Tekla Model Sharingでのベストプラクティス

Tekla Structures
2018
Tekla Structures

Tekla Model Sharingでのベストプラクティス

共有モデルを適切な状態に維持して変更を正常に共有するには、 Tekla Model Sharing のベスト プラクティスに従います。

Tekla Model Sharing の一般的なトラブルシューティング手順については、「 Troubleshooting Tekla Model Sharing (Tekla Model Sharingのトラブルシューティング) 」を参照してください。

共有モデルでの異なるオブジェクトタイプの機能

Tekla Model Sharing で複数のユーザーがモデルを同時に変更すると、競合が発生する可能性があります。

通常、 Tekla Model Sharing ではすべてのオブジェクトタイプが同様に機能します。読み込みを行うと、同じオブジェクトのローカルでの変更より取得したパケットの変更が優先されます。つまり、複数のユーザーが同じオブジェクトを変更した場合、共有サービスに最初に変更を書き出したユーザーが競合時に優先されます、

共有モデルを共有し始める前に、共通の作業方法について合意しておきます。

たとえば、
  • 各ユーザーがモデルの異なる領域で作業するようにする。

  • カタログ にすべての必要な定義が含まれていることを確認する。

  • ファミリーナンバリング の設定を確認する。

    ファミリーナンバリングの設定は共有されますが、増分的に更新できません。1人のユーザーがまずすべてのパケットを読み込み、更新した後、それを書き出して設定を共有することをお勧めします。ユーザーが書き出し前に読み込みを行う必要がある場合、設定が共有の開始前と同じであることを確認することが重要です。

    マークシリーズ内の番号が不足したり、マークシリーズが別のマークシリーズと重複したりしないように、開始番号は広い範囲で指定します。

    ナンバリングの際は、[ 選択オブジェクトのシリーズのナンバリング ] タブの [ 図面とレポート ] コマンドを使用することをお勧めします。
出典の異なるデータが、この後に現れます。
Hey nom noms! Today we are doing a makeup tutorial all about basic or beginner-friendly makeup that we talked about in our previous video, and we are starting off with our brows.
  • 現場打ちコンクリート部材をモデルで使用することに同意し、それに応じて XS_​ENABLE_​POUR_​MANAGEMENT を設定する。

    モデルで現場打ちコンクリート部材が有効な場合、特にプロジェクトの途中では XS_​ENABLE_​POUR_​MANAGEMENT を使用して現場打ちコンクリート部材を無効にしないでください。モデルおよび図面の現場打ちコンクリート部材と打ち継ぎでが無効になり、現場打ちコンクリート部材に関連するモデリング作業がすべて失われる可能性があります。
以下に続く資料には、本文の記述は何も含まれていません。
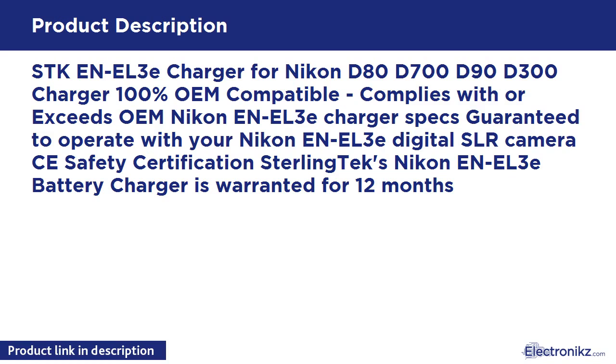Safety certification. SterlingTex Nikon NL3E Battery Charger is warranted for 12 months.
各ユーザーが同じオブジェクトの異なるプロパティを変更した場合、最終結果は変更の組み合わせになります。

  • モデルオブジェクト

    オブジェクトプロパティの変更が共有されると、他のオブジェクトプロパティの変更はすべて上書きされます。

    たとえば、あるユーザーが梁プロファイルを変更して書き出しを行ったとします。別のユーザーが同じ梁の材質を変更して読み込みを行います。同じプロジェクトのローカルの変更より共有された変更が優先されるため、梁の材質を変更したユーザーは変更を失います。

  • [基準線]

    基準線の共有で競合が発生した場合、グリッドプロパティで設定されている元の値を使用して基準線が再作成されます。手動で追加した基準線はすべて失われます。
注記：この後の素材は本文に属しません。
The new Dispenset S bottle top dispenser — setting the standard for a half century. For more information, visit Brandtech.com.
    たとえば、2人のユーザーが単独の基準線を追加して基準線を変更し、書き出しを行った場合、追加された基準線は読み込み時にモデルから消えます。

  • ユーザー定義情報(UDA)

    ユーザー定義情報(UDA)の共有された変更は、同じUDAの変更のみを上書きします。

    たとえば、 [コメント] に加えられた変更は、 [コメント] に加えられた変更を上書きしますが、 [短縮量] UDAに加えられた変更は上書きしません。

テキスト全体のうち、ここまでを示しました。